I have been posting on this site about the trials and tribulations of young donors. I’m in the middle of chronicling the life of Michael, an heir to a trust, who must soon begin giving away $78 million (U.S.). More on his philanthropic journey in the next post.

Another group is stumbling into the American philanthropic scene. Young South Asians living in the U.S. (Pakistanis, Indians, and Bangladeshis are the majority). Some moved to America after college, and others (like me) were raised here. They are coming into significant personal wealth.

I recently brokered a discussion of six prospective donors. Their concern was: “What is the best way for South Asians to be philanthropic in America?” The half-dozen entrepreneurs I spoke with with have committed their personal resources — a collective sum of $2 million (modest relative to most charities), and they hope to raise more from others. But they need some help to meet their objectives. Allow me to explain. And as always, please chime in with comments.

They are all successful, highly educated, completely obsessed with money, and they want to do good. But they want to help South Asian-Americans, which is not so straightforward. Before you reply, “Give to the United Way,” I want to make clear that this group wants to help South Asians progress in the U.S. That doesn’t preclude mainstream charitable donation, but they want to move South Asians forward.

Of course, philanthropy is part and parcel of the ethnic experience in the U.S., and not just for the Carnegies and Vanderbilts.
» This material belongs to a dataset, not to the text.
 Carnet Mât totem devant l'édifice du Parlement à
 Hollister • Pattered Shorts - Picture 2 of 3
And South Asians hear the promise: “Come to America, make money, give it away” — for a nice tax donation and, if you’re lucky, a spot on Obama‘s transition team (see Google’s Sonal Shah).

But South Asian philanthropy is being shaped by the absence of two important attributes characterizing nearly every other major U.S. immigrant stream.

For the last 50 years, the waves of South Asians have not been working-class and poor. Second, South Asians don’t settle in bounded neighborhoods — so-called “ethnic enclaves.” A few exceptions are Devon (Chicago) and Jackson Heights (Queens, N.Y.). According to the South Asian American Policy & Research Institute, about 30 percent have graduate degrees — compared to 9 percent of Americans. They have higher household incomes and are concentrated in professional and management jobs, and they speak English in large numbers. They don’t fit the image of geographically bounded, economically struggling immigrants.

There are some community organizations, like New York’s South Asian Youth Action, that work locally, but this is uncommon. South Asians are spread out, and they come together at music festivals, parties, temples, taxi stands, and so on. I found only one organization invested in charity — The South Asian Philanthropy Project. They are just starting out, and I’ll be curious to see how they help donors in the years ahead.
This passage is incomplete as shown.